At the portfolio level, we are reporting on the portfolio manager’s return. Since she does not control client-directed, external cash flows (contributions and withdrawals), she cannot be given any credit for the timing or size of these flows; therefore, we eliminate their impact, and the manager gets a 10% return.
At the subportfolio level, however, we do take the (internal) cash flows into consideration, because the manager does control them. When the additional $5,000 came in, she saw that the stock price had dropped, and thinking that this was a temporary shift, decided to invest it all into the same security; as it turns out, this was a wise move, and so she benefited from the price increase that occurred the following day. She should be rewarded for this decision.
We are measuring two different things. Beginning in 1966 (with the publication of Peter Dietz’s doctoral dissertation), the industry has recognized that time-weighted rates of return are appropriate to judge the manager at the portfolio level.
Sadly, despite Dietz’s and others’ recognition that money-weighted rates of return had a place, too, the IRR was almost completely abandoned until fairly recently (which my colleagues Steve Campisi, CFA; Stefan Illmer, PhD and I take some credit for). We are now seeing a resurgence in the use of the IRR.
Why inconsistency works
I thanked our client for raising this point, although I had raised it before myself. Consider this scenario, which comes from our Fundamentals of Investment Performance class:
What do we see? Well, what I think are numbers that simply do not make sense: our portfolio has a return of 6.01%, but the underlying asset classes have returns that fall far below this level, with none even above 3.25 percent. What is going on?
Well, let’s look at the portfolio details:
As you can see, the manager decided to keep most of the portfolio in cash at the start of the year, which turned out to be a wise move, as both stocks and bonds didn’t do well. However, at mid-year he decided to shift money into both of these sectors, just at the right time, as it turns out. As a result, there was a significant gain overall. However, because time-weighting eliminates the effect of cash flows, the underlying sectors produce results that belie the effects of the internal cash flow decisions.

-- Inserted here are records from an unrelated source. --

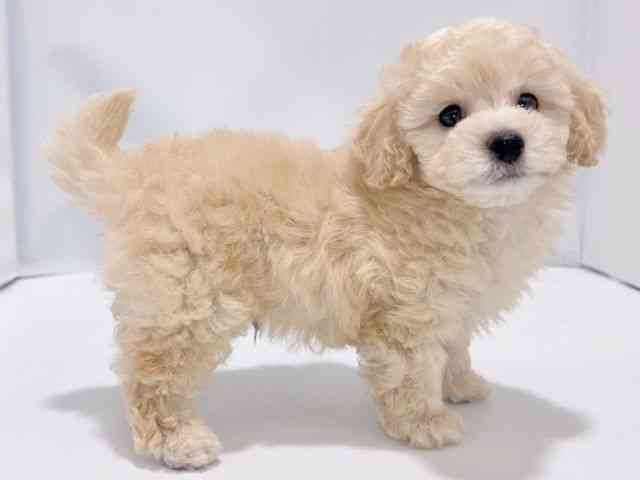 2025年8月23日生まれのトイプードル(トイ)の2枚目の写真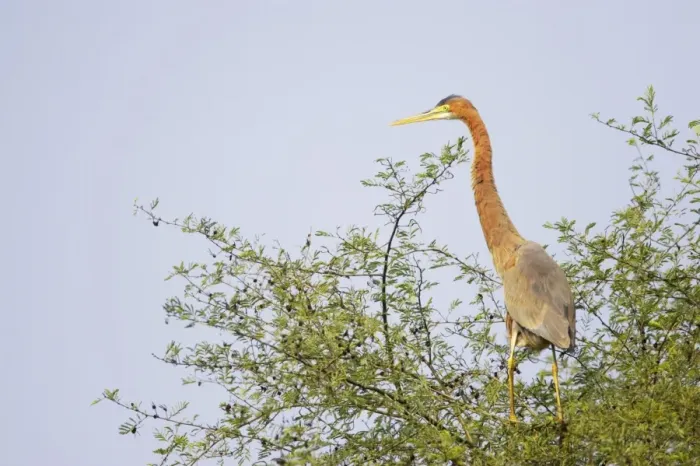 Framed Print : Purple Heron - on tree top - Keoladeo Ghana National Park - Bharatpur - Rajasthan - India BI018034 Framed Print : Purple Heron - on tree top - Keoladeo Ghana National Park - Bharatpur - Rajasthan - India BI018034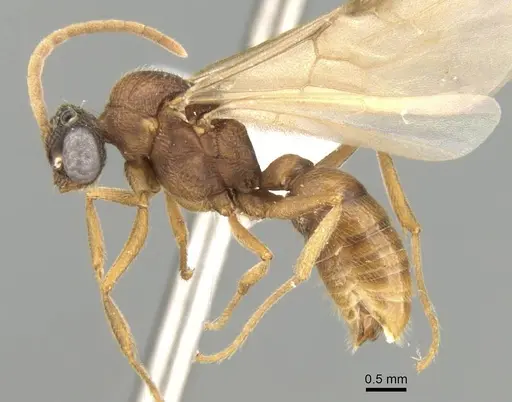 Mystrium mirror - CASENT0318941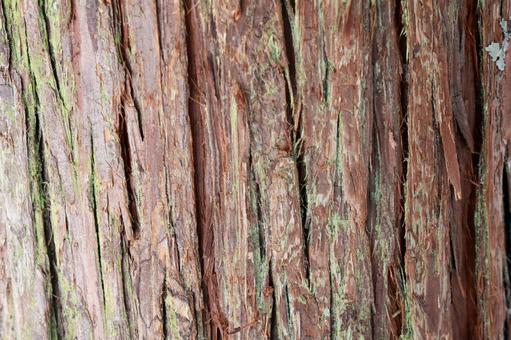 緑苔が生えたゴツゴツとした樹皮テクスチャ テクスチャ,苔,背景の写真素材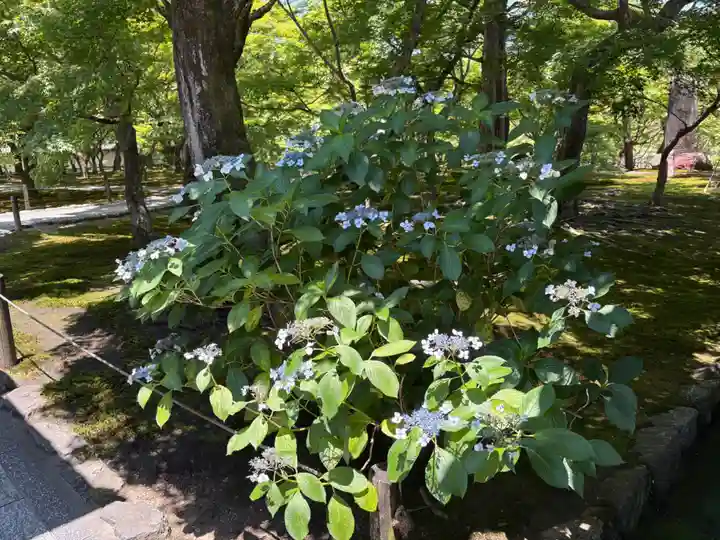 東福禅寺(東福寺)(京都府)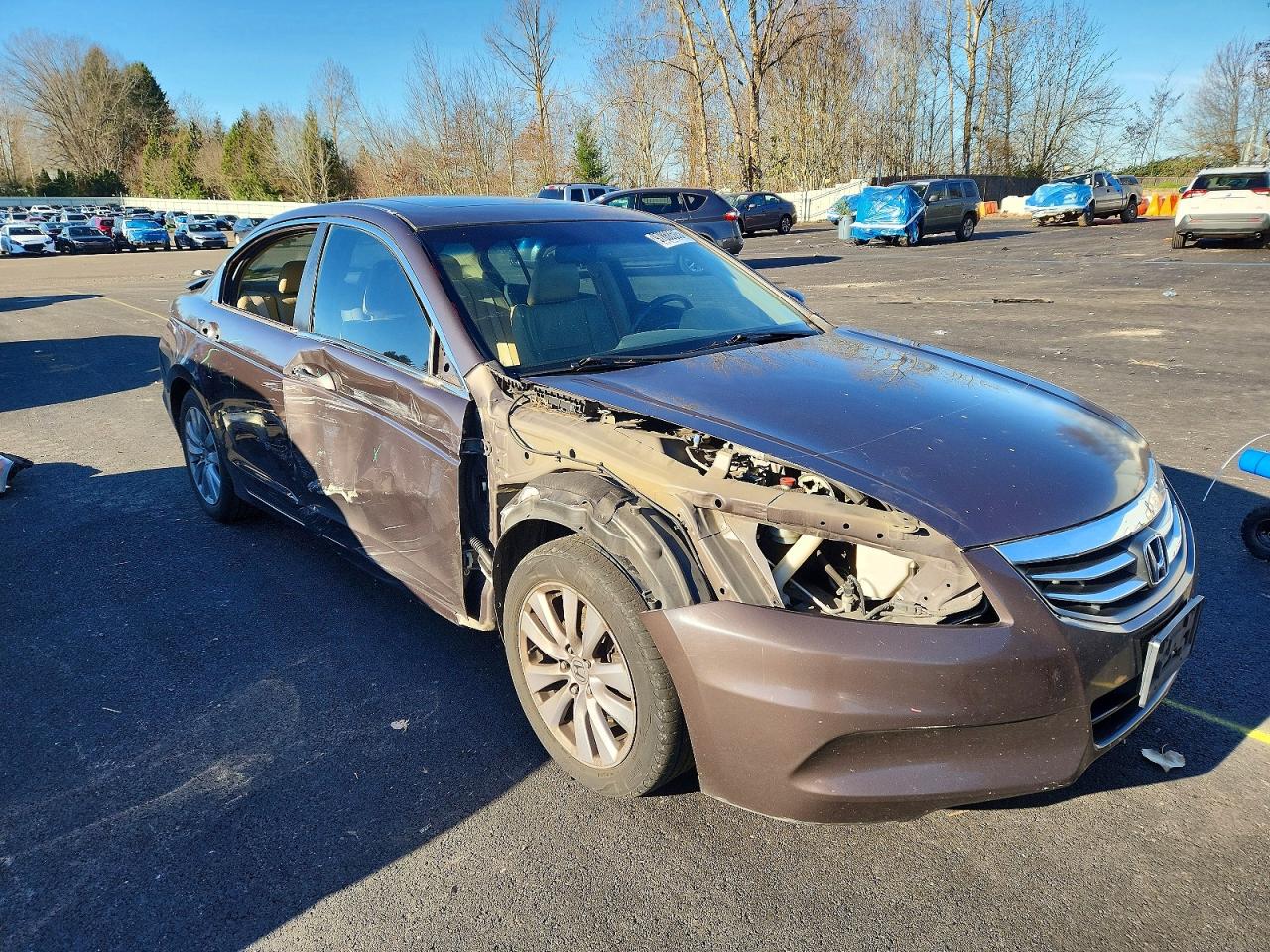 2011 HONDA ACCORD EXL photo 4
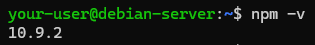 Вывод установленной версии NPM - Как установить Node.js на Debian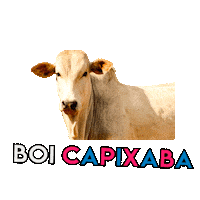 agriculturaes agricultura es capixaba espirito santo Sticker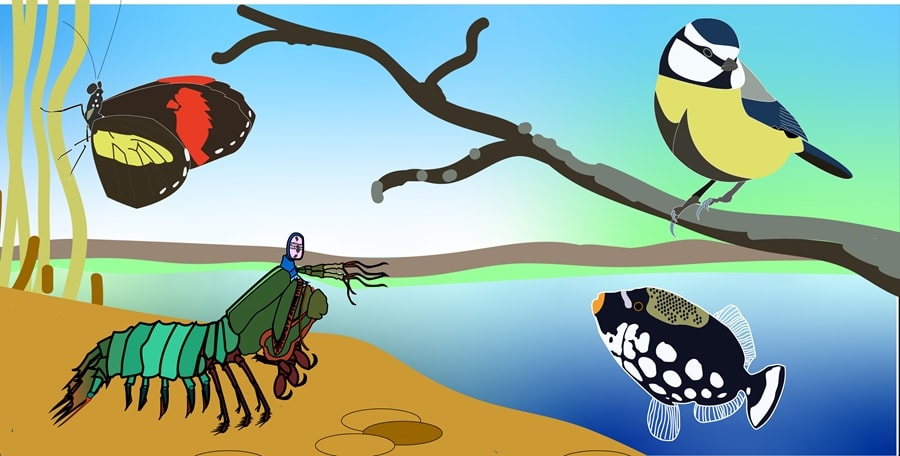 Zwierzęta inaczej postrzegają kolory, co wynika z ich fizjologii /Grafika: Matt Murphy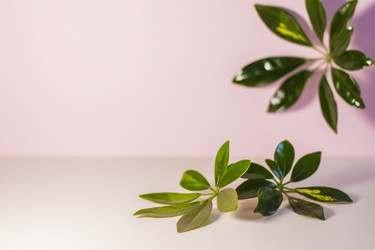 Similar image 21033688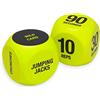 SPRI Exercise Dice (6-Sided) - Game for Group Fitness & Exercise Classes - Includes Push ups, Squats, Lunges, Jumping Jacks, Crunches & Wildcard (Includes Carrying Bag)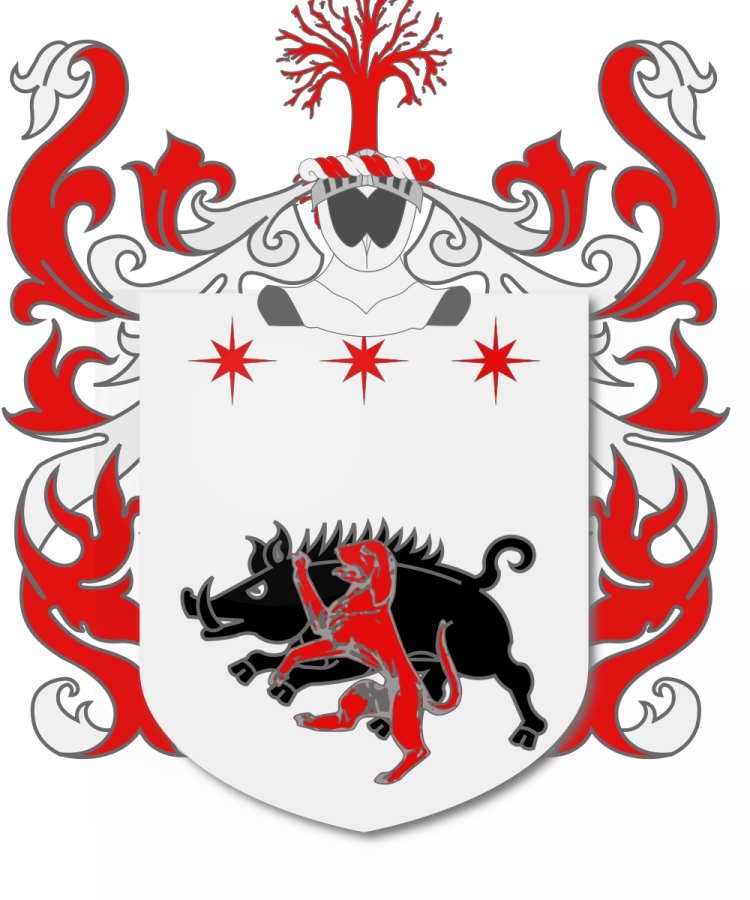 Shield image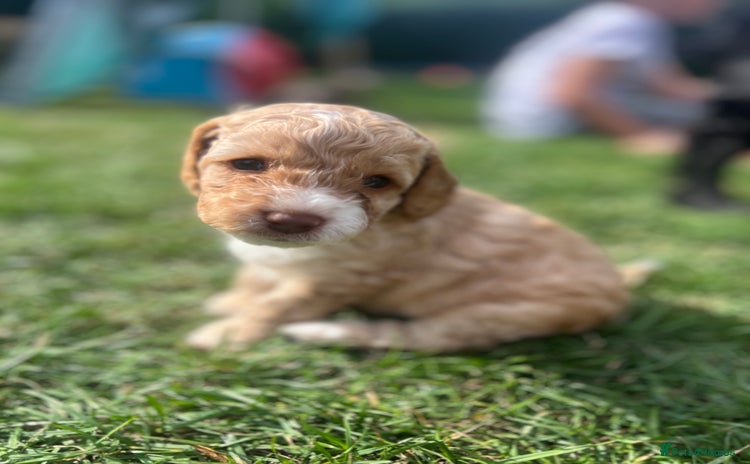 Cockapoo dogs - Advert 1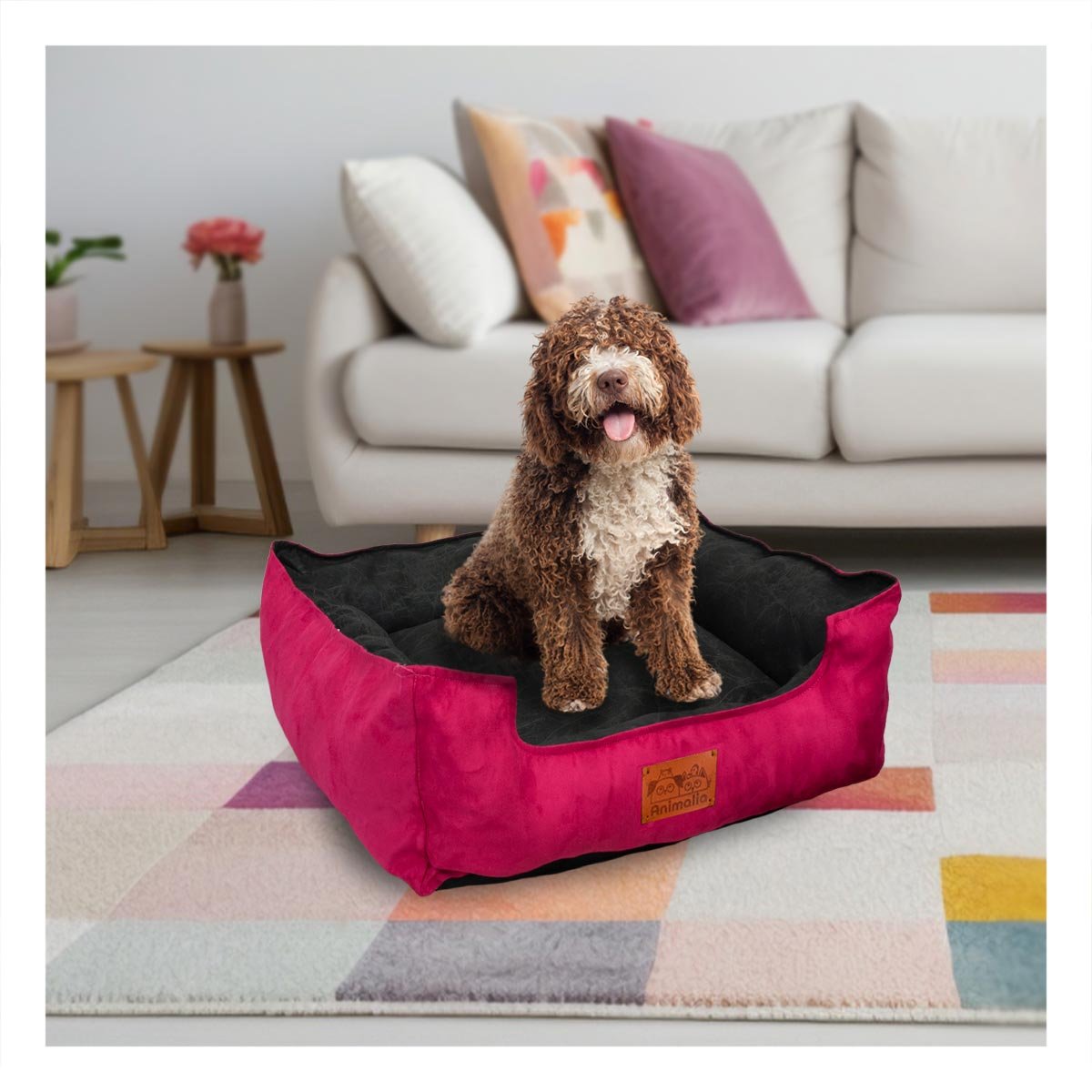 PACK4 BASE FUCSIA PARA PERRO TALLA M CON CENTRO NEGRO - 5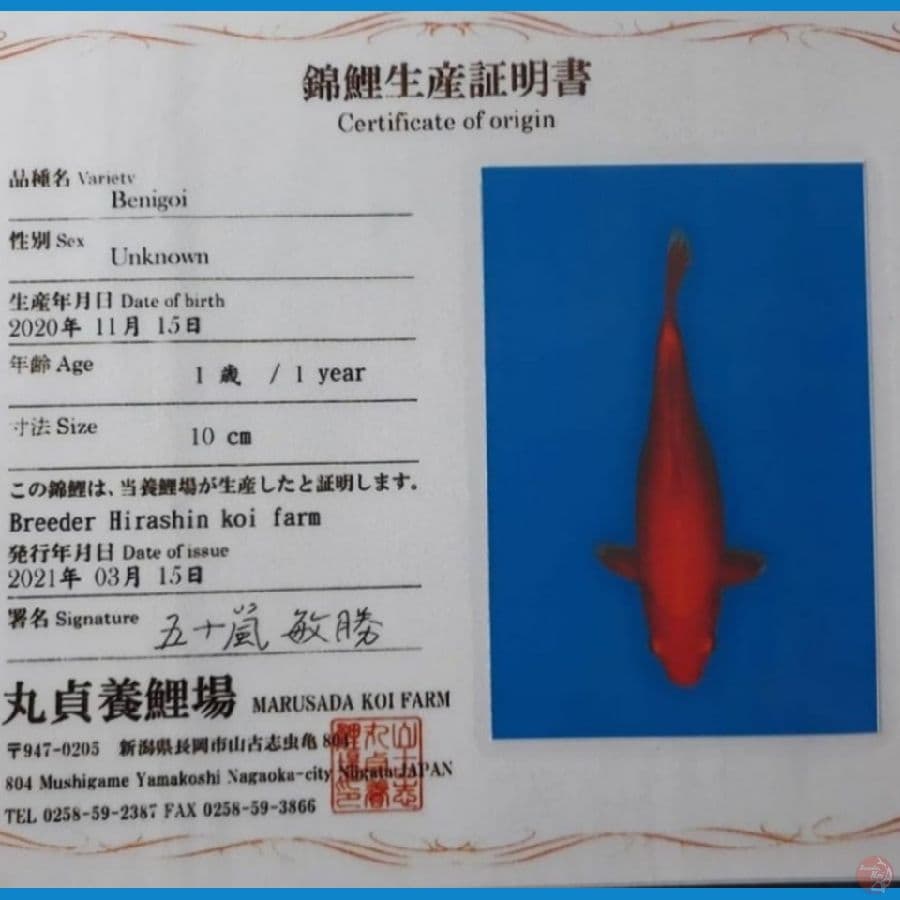BENIGOI HIRASHIN KOI FARM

But, as our client would suggest, at least we’re being consistent! We’re consistently showing time-weighted rates of return, which apparently is something to find worthy, despite the failure of the method to capture the results of the manager’s decision, and fail to produce meaningful results. But, we’re consistent.
I’m all for consistency, but only when it truly makes sense; at times we need inconsistency, and here’s one. Let’s recalculate our subportfolio rates of return using the IRR:
Aren’t these results more meaningful? Don’t they capture what went on at the subportfolio level?
The truth is that I’ve been showing this example for more than a decade, and usually it’s met with understanding and appreciation. However, like our client, on occasion someone criticizes the “inconsistency,” and states that by doing this we are not able to tie the numbers back to the portfolio, or “reconcile” to its return.
“Really?” is my typical response. “Please then explain how you’d ‘reconcile’ the ‘consistent” TWRR results?”
You can’t.
- They’re nonsensical.
- They’re inappropriate.
- They’re simply wrong!!!
Time-weighting belongs in one place and one place only: at the portfolio level, when reporting on how the manager did. That’s it. Simple.
Money-weighting belongs at the portfolio level, to show (a) how the manager did in those cases where the manager controls the flows (e.g, private equity) and (b) to explain to the client how they did, as a result of their cash flow decisions, coupled with the manager’s investment decisions. It also belongs at the subportfolio level, because the manager controls these flows.
Inconsistency isn’t always a bad thing … well, perhaps at times:
As always, your thoughts are welcome.
Oh, and I should point out that time-weighting also applies at the composite level, when producing returns for GIPS(R) (Global Investment Performance Standards), but this is arguably only an extension of the portfolio rates of return; hope you agree!